== Work to complete ==
Leave the pictures behind and reproduce every line of the listing exactly.

== Collected data ==
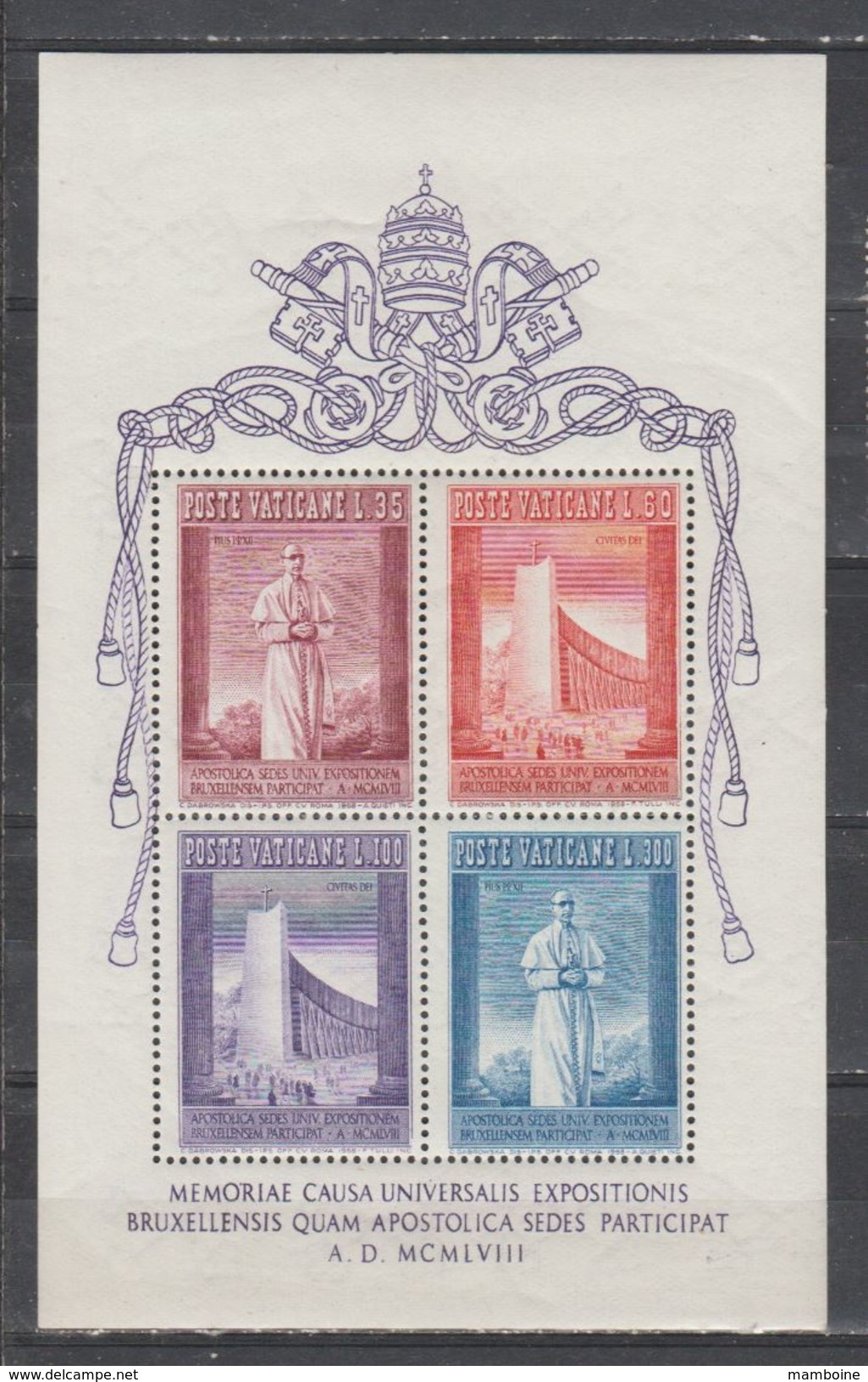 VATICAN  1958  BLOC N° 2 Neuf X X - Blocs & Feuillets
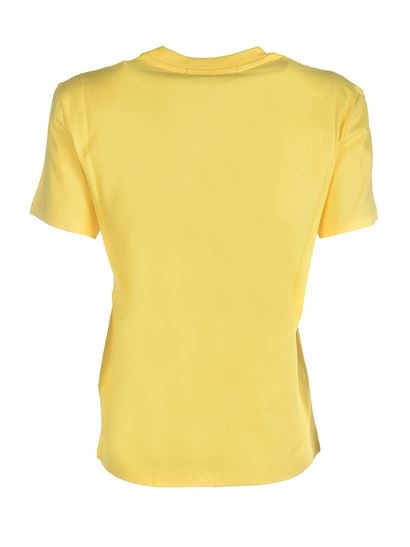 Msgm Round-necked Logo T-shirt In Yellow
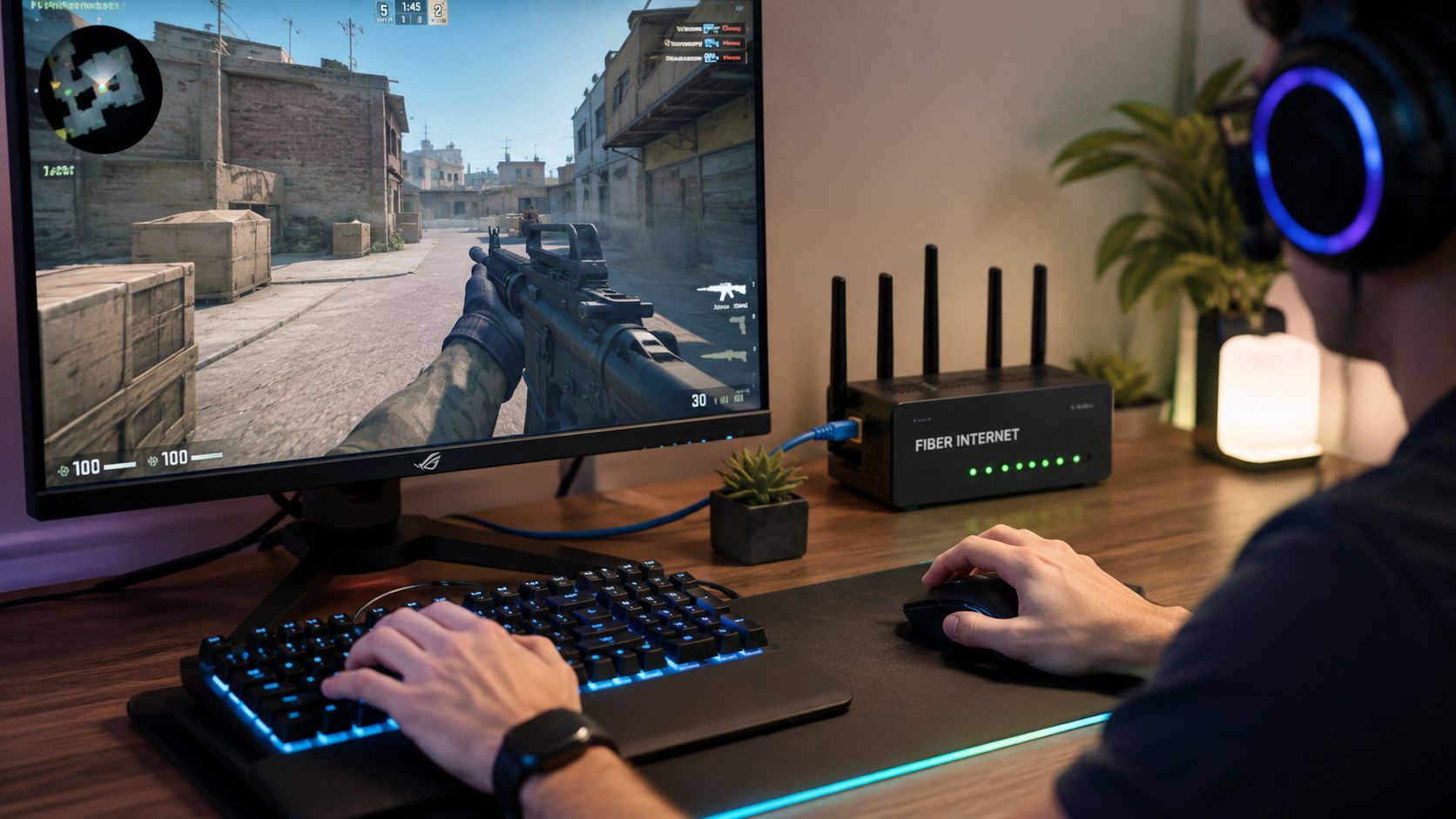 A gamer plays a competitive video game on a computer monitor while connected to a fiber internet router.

== Answer to this exercise ==
 VATICAN  1958  BLOC N° 2 Neuf X X - Blocs & Feuillets
 Msgm Round-necked Logo T-shirt In Yellow
 A gamer plays a competitive video game on a computer monitor while connected to a fiber internet router.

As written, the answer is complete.